Le RPKI une bonne pratique qui a du mal à se mettre en place
Quand BGP fonctionne, personne ne le remarque. Quand ce n’est pas le cas, les choses peuvent empirer rapidement. Il s’agit souvent d’erreurs de configuration, cela a été le cas pour Microsoft en janvier 2023. Idem en juin 2019 pour un petit FAI de Pennsylvanie qui avait annoncé par inadvertance des routes BGP directes pour atteindre Amazon et Cloudflare. Une ruée de trafic s’en est suivie et un engorgement a provoqué une panne massive.
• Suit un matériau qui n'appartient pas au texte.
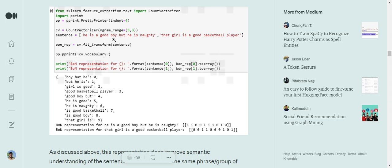In this example we have considered n-grams of length three, so we have formed groups of three consecutive words: 'he is a,' 'is a good,' 'good boy but,' 'boy but he,' 'but he is,' and so on. Each group has been assigned a unique index in the vector representation. The vocabulary is the total number of unique n-grams present — again 10 in this case, with indexes 0 to 9.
Le problème sous-jacent était que BGP n'avait aucun moyen de vérifier quels réseaux étaient autorisés à annoncer quels blocs d'adresses. Des mécanismes plus récents basés sur RPKI, appelés Route Origin Authorization (ROA) et Route Origin Validation (ROV), tentent de résoudre cette problématique. Ils vérifient qu'un réseau a le droit d'annoncer une route avant de recevoir des paquets. Il est ainsi beaucoup plus difficile d'annoncer de manière malveillante des itinéraires de routage pour détourner le trafic. Ces deux techniques ont leurs limites, mais elles constituent un bon point de départ largement accepté. Mais, comme toujours dans les comités Internet, les choses prennent beaucoup de temps à se mettre en place, même avec des mandats de la Maison Blanche.
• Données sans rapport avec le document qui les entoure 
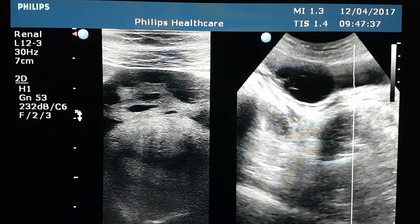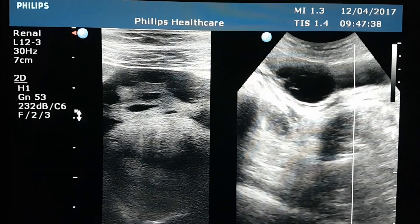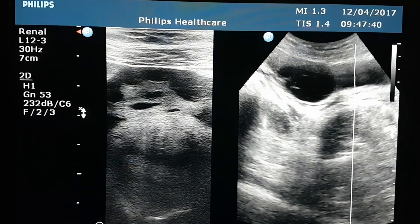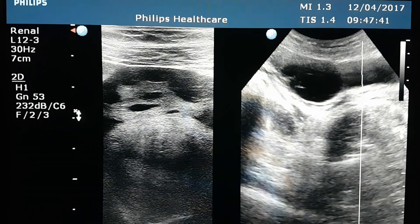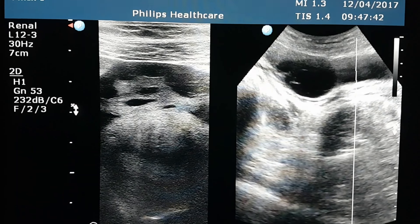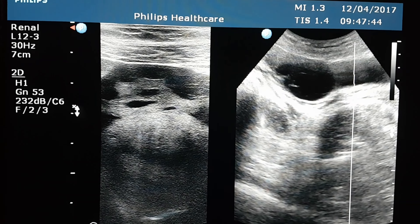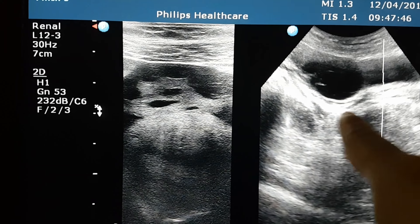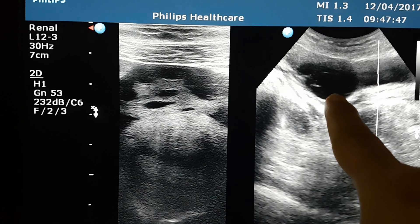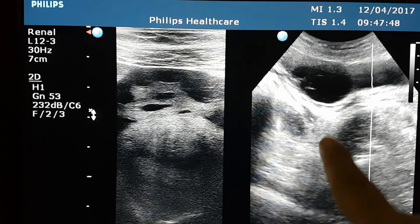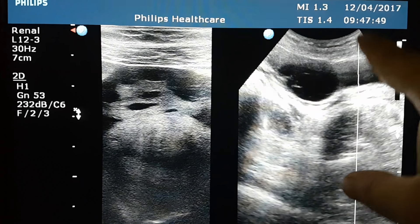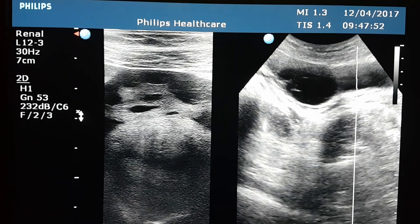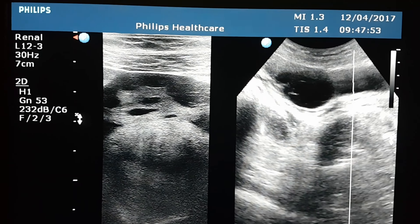Young female suspected for appendicitis. Normal appendix scan excludes inflamed appendix. The right adnexa is examined by convex probe, and a cyst is seen.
L’ONCD fixe des contraintes
L’agence rattachée à la Maison Blanche a déclaré que d’ici la fin de l’année, elle s’attend à ce que 60% de l’espace IP du gouvernement fédéral soit couvert par des accords de service d’enregistrement (RSA) nécessaires à l’établissement des ROA. Malgré cela, la feuille de route identifie plusieurs obstacles qui ralentissent la révision de BGP à long terme. L'un d'eux est que les effets négatifs de son insécurité ne sont souvent pas ressentis directement par les fournisseurs de services pour lesquels l'investissement n'offre pas de retour financier direct. Le fait que certains opérateurs devront également remplacer ou mettre à niveau leurs routeurs pour qu'ils soient compatibles avec ROV n'est pas non plus une bonne chose.
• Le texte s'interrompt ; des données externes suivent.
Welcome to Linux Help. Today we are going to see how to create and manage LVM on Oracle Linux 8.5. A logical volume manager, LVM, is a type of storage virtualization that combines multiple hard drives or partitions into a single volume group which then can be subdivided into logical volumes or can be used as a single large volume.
L'ONCD conseille aux FAI de vérifier les effets techniques que la mise en œuvre de la ROA et de la ROV pourrait avoir sur leur organisation et d'inclure la question de la sécurité BGP dans l'évaluation des risques de cybersécurité. Les recommandations complètes s'étendent sur plusieurs points, qui détaillent également la manière dont les FAI devraient établir des contrats pour le transit IP, le cloud et l'infrastructure. Le message général est clair : les fournisseurs de services devraient surveiller la qualité et le profil de menace de leur configuration BGP plutôt que de laisser d'autres personnes nettoyer le désordre.
Une démarche en solitaire
Notre confrère de Networkworld a interrogé Kieren McCarthy, expert en matière d'Internet et ancien journaliste sur les propositions de l’ONCD. Si le jugement est positif, il émet quelques réserves. « Ce qui est un peu inquiétant, c'est que le gouvernement américain semble faire cavalier seul, allant même jusqu'à créer un nouveau groupe de travail dont il n'a pas annoncé les membres », observe-t-il. Tout en ajoutant, « L'internet reste un réseau mondial, et le gouvernement américain devrait joindre le geste à la parole et soutenir le modèle international multipartite pour trouver des solutions aux problèmes de l'internet ».
Il a fait remarquer que la feuille de route était complémentaire des groupes existants tels que le Mutually Agreed Norms for Routing Security (MANRS), une initiative mondiale ayant le même objectif de sécuriser les menaces de routage. « Je me demande pourquoi ils ont ressenti le besoin de développer leur propre approche », s’interroge Kieren McCarthy.